What you have to do.
Return an exact copy of the data, starting at its first line and ending at the line that contains "16306 Mill Point, Houston, TX 77059", minus any pictures.

Data provided.
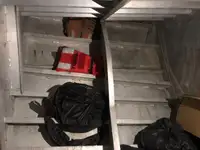 Kapal kontainer kanggo didol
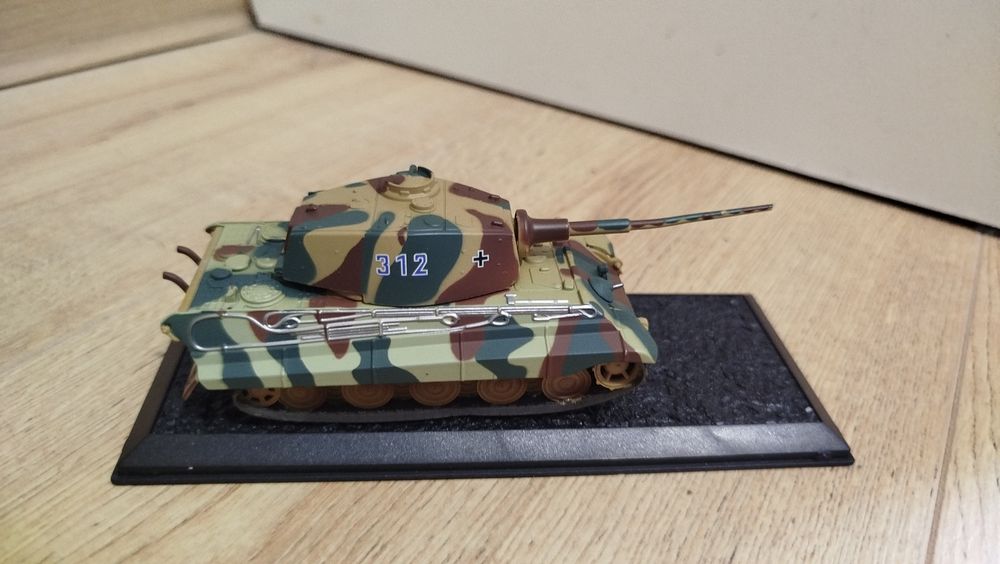 Czołgi świata Panzerkampfwagen VI Tiger II Kóznigstiger Ausf.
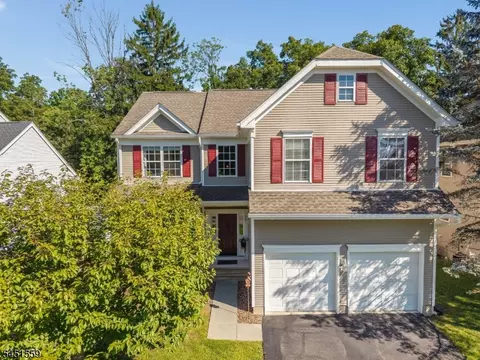 Exterior - 46 Saxton Dr, Hackettstown, NJ 07840 photo 4 of 11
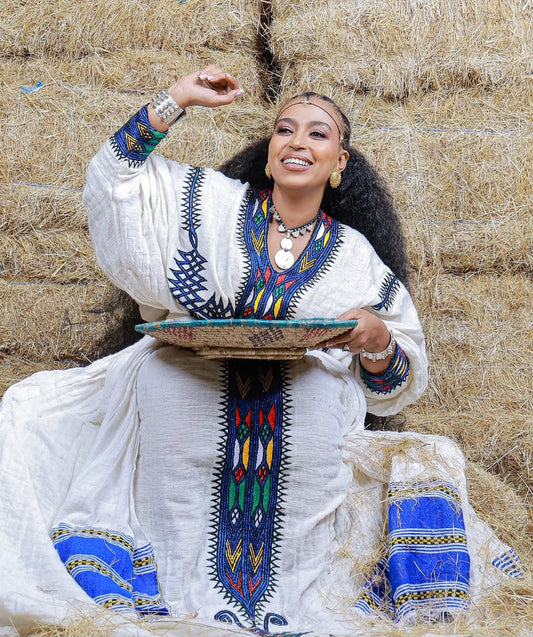 የጎንደር ፈትል የሐበሻ ቀሚስ – በጥልፍ የተሰራ የሀገር ባህል ልብስ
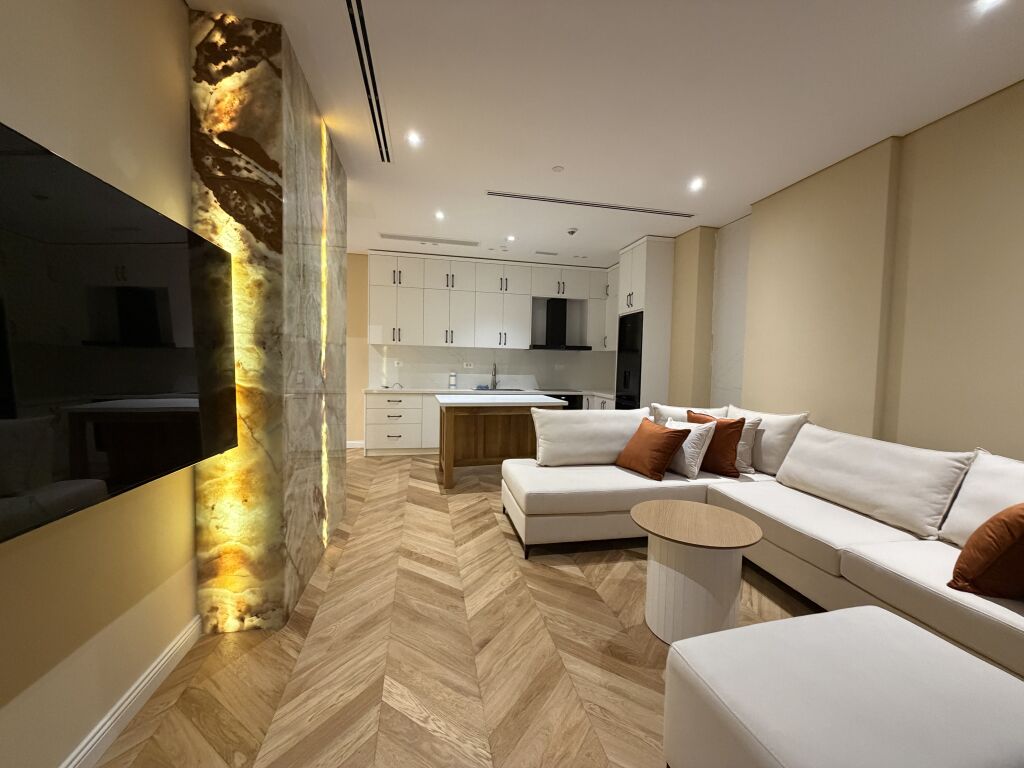 ✨ Jepet me Qira Apartament 2+1 Luksoz - Downtown One, Rruga Elbasanit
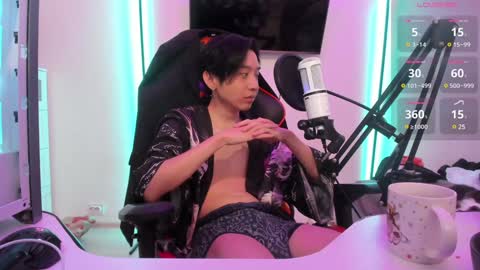 Snapshot of your_little_twink chatting on December 20, 8:55 pm Han online show from December 20, 8:55 pm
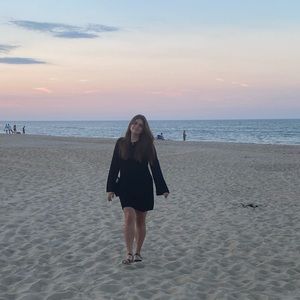 Meet your Posher, Eva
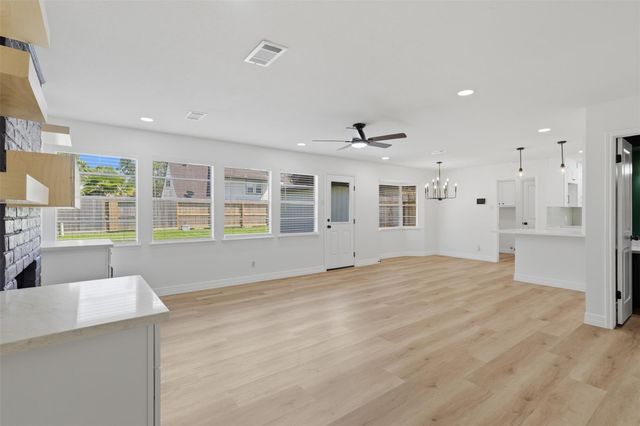 16306 Mill Point, Houston, TX 77059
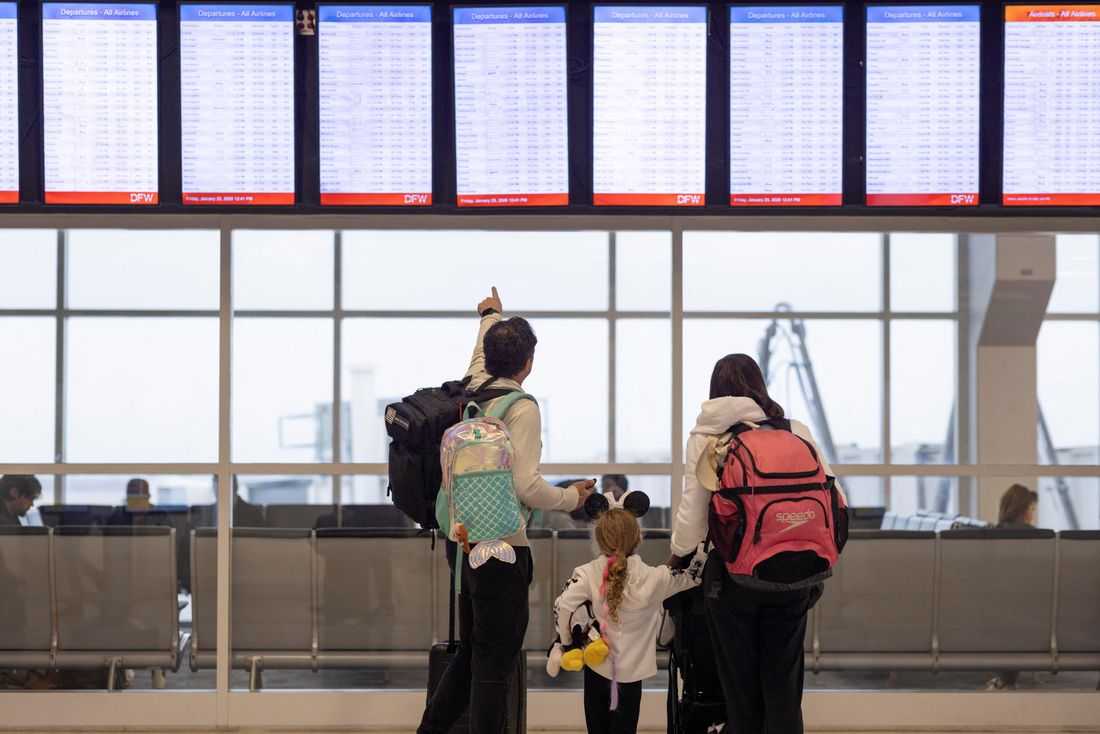 Winter storm snarls US travel, forces mass flight cancellations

Answer space.
 Kapal kontainer kanggo didol
 Czołgi świata Panzerkampfwagen VI Tiger II Kóznigstiger Ausf.
 Exterior - 46 Saxton Dr, Hackettstown, NJ 07840 photo 4 of 11
 የጎንደር ፈትል የሐበሻ ቀሚስ – በጥልፍ የተሰራ የሀገር ባህል ልብስ
 ✨ Jepet me Qira Apartament 2+1 Luksoz - Downtown One, Rruga Elbasanit
 Snapshot of your_little_twink chatting on December 20, 8:55 pm Han online show from December 20, 8:55 pm
 Meet your Posher, Eva
 16306 Mill Point, Houston, TX 77059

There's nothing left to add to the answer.